Speeding up multiple loo model comparisons in brms by using multiple cores?


I have 8 multilevel logistic regression brms models fit to the same data. Each model is relatively large, e.g., the file sizes of saved models are approx 1GB-1.5GB. Comparing all 8 using waic takes about 10 minutes, but comparing them using loo seems like it will take many many hours. I can’t say for sure because after about 6 hours or so the comparison lead to all the RAM being used (250GB).
I presume I can solve the RAM problem by pointwise=TRUE, but that will entail the comparison will take even longer.
I am working on 36 core machine, but loo is only using one core (adding cores = 2 or any other number as an argument to loo does nothing).
I presume there is no in principle reason why the model comparison can not be done in parallel, so is there any way of making this happen? I presume I could just use R’s parallel commands, like parLapply etc, to do all 28 pairwise comparison. That’s fine, and I will try that, but I was wondering if I am missing something simple and easy.

  • Operating System: Linux (Ubuntu 18.04)
  • brms Version: 2.4.0


Try setting options(loo.cores = 36) or something before calling loo.


Excellent. Just did now and it works.
Thanks a lot!


How many observations and how many model parameters do you have?

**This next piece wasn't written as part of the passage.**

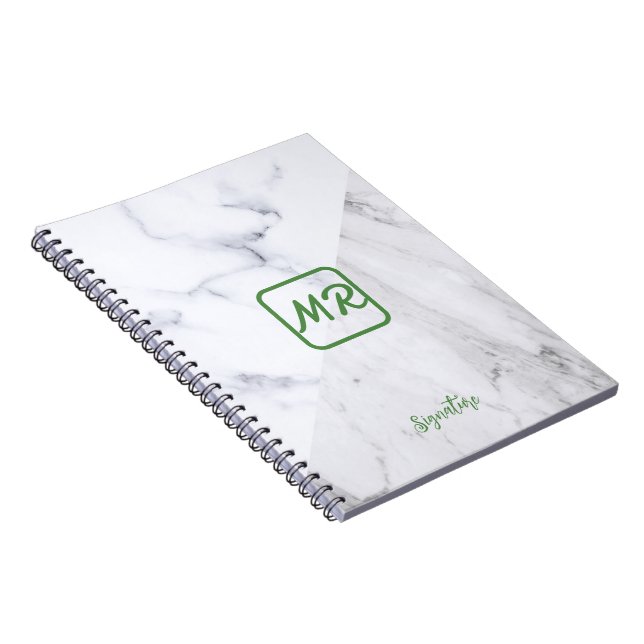 White Marble Notebook for Stylish Organisation (Right Side)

There are 5623 observations. The 8 models differ somewhat but in one representative example, I have 8 predictors and three grouping variables with 49, 182, 930 levels, respectively. The 8 predictors vary randomly by two of those grouping variables, and the remaining grouping variable has just random intercepts. From the brmssummary, there are 8 fixed effects, 36 (8 sd’s, 28 cor’s) random effects estimates for 2 grouping variables, and 1 random effects estimates for the third. So, by this, there are 8 + 36 + 36 + 1 = 81 variables being estimated.
I also have 20000 post-warmup samples.

Using brms::loo on just one model at a time, with pointwise = FALSE, using a single core on a Xeon Gold 6154, total running time is around 50 mins and uses around 40GB. (When I ran brms::loo(model_1, model_2 ... model_8), which does all pairwise comparisons too, it ran for many hours and eventually filled all the 250GB of ram and then aborted).


20000 post-warmup draws is very likely overkill. n_eff about 2000 would be sufficient for loo, and would make the loo computation probably more than 10 times faster (10 times just for less draws, and more due to more efficient memory usage).

Create loo object for each separately, and then call compare function.

If you would have just 81 variables and if p_eff<n/10, and you don’t get warnings then waic approximation is probably ok, too (probably, because there is not as good diagnostics as for loo). I’m not certain what level means here, but I guess it means the same as group id? In that case you would have much more than 81 variables being estimated?


I realize now that 20K samples is probably unnecessary. I initially did this because the SE for WAIC seemed to decrease when the number of samples increased, and so I thought it was wise to sample more rather than less for this reason.
When I say I have 81 variables, that is underestimating the number of variables in the model, but I thought that’s what you were suggesting. That number is essentially just counting the size of covariance matrices for the random effects and the fixed effects coefficients. By “levels” of the grouping variable, I mean the number of distinct values in the grouping variable. For example, one of my grouping variables is “subject”, which indicates the person in a cognitive psychology experiment, and I have random slopes that vary by subject. There were 182 subjects in my experiment. So there are 8 coefficients varying randomly per subject, so there alone we have 8 x 182 variables. So, using this, I have 8 + 36 + 36 + 1 + (8 * 49) + (8 * 182) + (1 * 930) = 2859 (maybe more, if I’m forgetting something).


Yes, this is how I would have counted, and in this case I would use loo instead of waic, as it has better diagnostics and is more reliable in case low n/p. Please let us know if using 2000 draws is fast enough for you.